La semana pasada se ha presentado en Madrid el libro Detrás de la Pobreza (UCAB, 2004). Siendo la primera vez que asisto a la presentación fuera de Venezuela, he vuelto a repasar algunos aspectos y a entender mejor, como suele suceder estando lejos, algunas de las discusiones que ha suscitado entre los asistentes (una mezcla de venezolanos, latinoamericanos, y españoles interesados en la cuestión venezolana, que no son pocos).
El objetivo principal es desmitificar el papel de la cultura en la actitud de los ciudadanos hacia el desarrollo. Por sí solo, esto justificaría este trabajo de siete años, sobretodo en un país que vive tachándose a sí mismo de flojo, de vivir para recibir limosnas (del gobierno), de no tener cultura productiva, en fin, de cualquier hipótesis simple, paralizante siempre, que venga a la mano para explicar nuestro propio fracaso. En pos de ese objetivo, se estudia la actitud de un conjunto de 14.000 familias venezolanas hacia el hecho productivo, procurando determinar su grado de preparación para la modernidad. La modernidad, eso sí, concebida en tres indicadores muy sencillos. Primero: ¿En qué grado se cree que lo que a uno le sucede tiene que ver con lo que uno hace? Segundo: ¿En qué medida soy capaz de confiar en aquél que es diferente a mí, que se encuentra fuera de ese círculo de confianza que se define alrededor de la familia, amigos, etc.? Tercero, ¿En qué grado soy capaz de comportarme con el exterior del círculo que me rodea, de una forma distinta a como me comporto con quienes me son más próximos? Este último requiere entender que quienes trabajan conmigo no son mis hijos o mis panas de toda la vida, y en función de eso, ¿qué tanto puedo entender que las reglas que aplican en esos ámbitos son distintas a las que aplican “en mi casa”?

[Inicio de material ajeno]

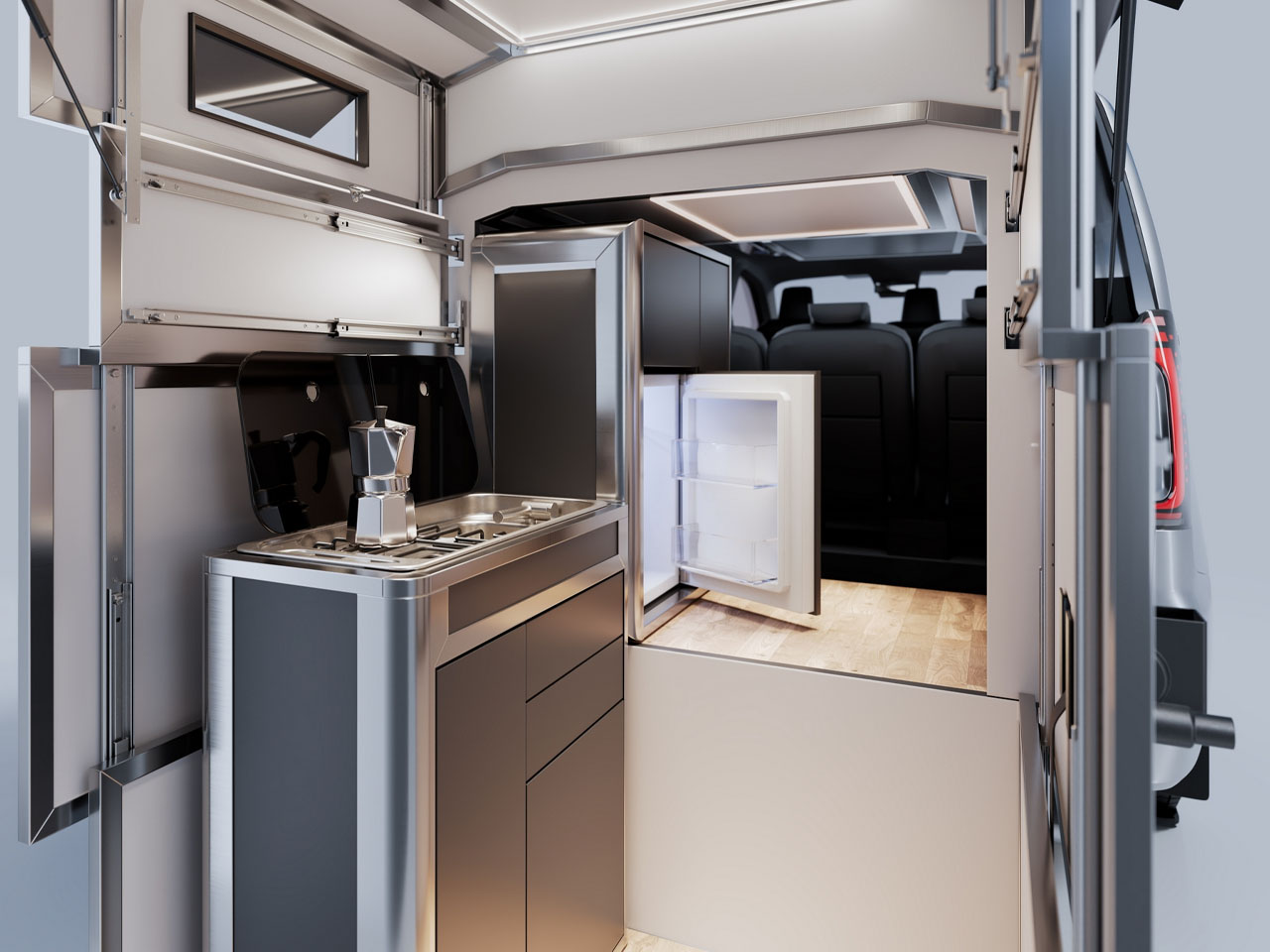 Cubivan Campervan 1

Entre los resultados que más llaman la atención de este estudio está el hecho de que si bien 80% de los pobres venezolanos presentan actitudes que, vistas en conjunto, no son modernas, esa cifra alcanza 50% entre los más adinerados. Este hecho ha suscitado entre los asistentes la observación evidente de que, si bien eso es sorprendente, más sorprendente aún es que el negativo de esos tres rasgos, el elixir de la no-modernidad, sea la conducta de las propias clases gobernantes venezolanas. Incapaces de entender el destino del país como una cosa distinta a la evolución del Brent y del West Texas Intermediate, incapaces de confiar en quien es diferente, e incapaces de comportarse en su ámbito de trabajo de una forma distinta a como se comportarían con sus familiares y amigos más cercanos, no hay nadie menos preparado para la modernidad, o digamos, más listo para saltar hacia el anti-modernismo, que nuestros propios gobiernos.

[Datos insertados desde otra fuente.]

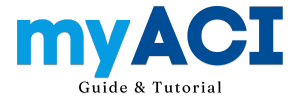 myACI logo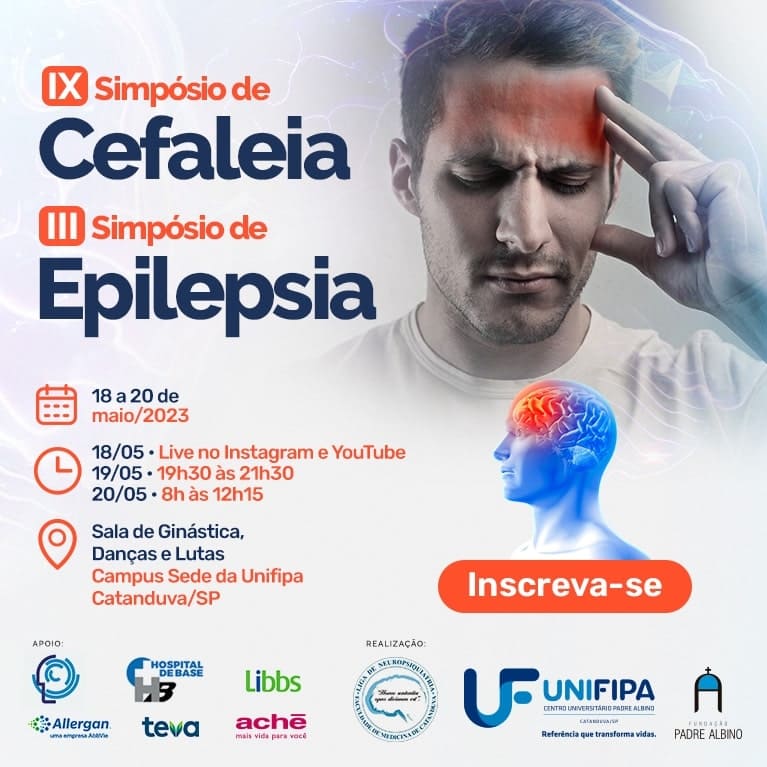 simposio cefaleia e epilepisia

De este primer nivel de discusión se desprende de forma natural el debate sobre si las clases que gobiernan un país son espejo, o si por el contrario, sirven de modelo de conducta a quienes representan. Es evidente que si bien el primero resulta un aspecto positivo del hecho electoral, el segundo es un aspecto normativo: Quien gobierna es espejo de quien lo elige, pero debe saber ser a la vez modelo. Esto ya fue resaltado por Oscar Arias en su visita del año pasado a Venezuela: Liderazgo no es complacer, es por encima de cualquier otra cosa persuadir, convencer, hacer entender.
De aquí se deriva una discusión adicional, que quedará de tarea: Si es evidente que la transformación y los modelos que Venezuela requiere para acceder a la modernidad y al desarrollo (hecho este sobre cuya conveniencia sí coincide la inmensa mayoría de las familias estudiadas) no van a venir de la clase política dirigente, ni de los pobres, ni de la mitad de los “ricos”, ¿de dónde puede venir?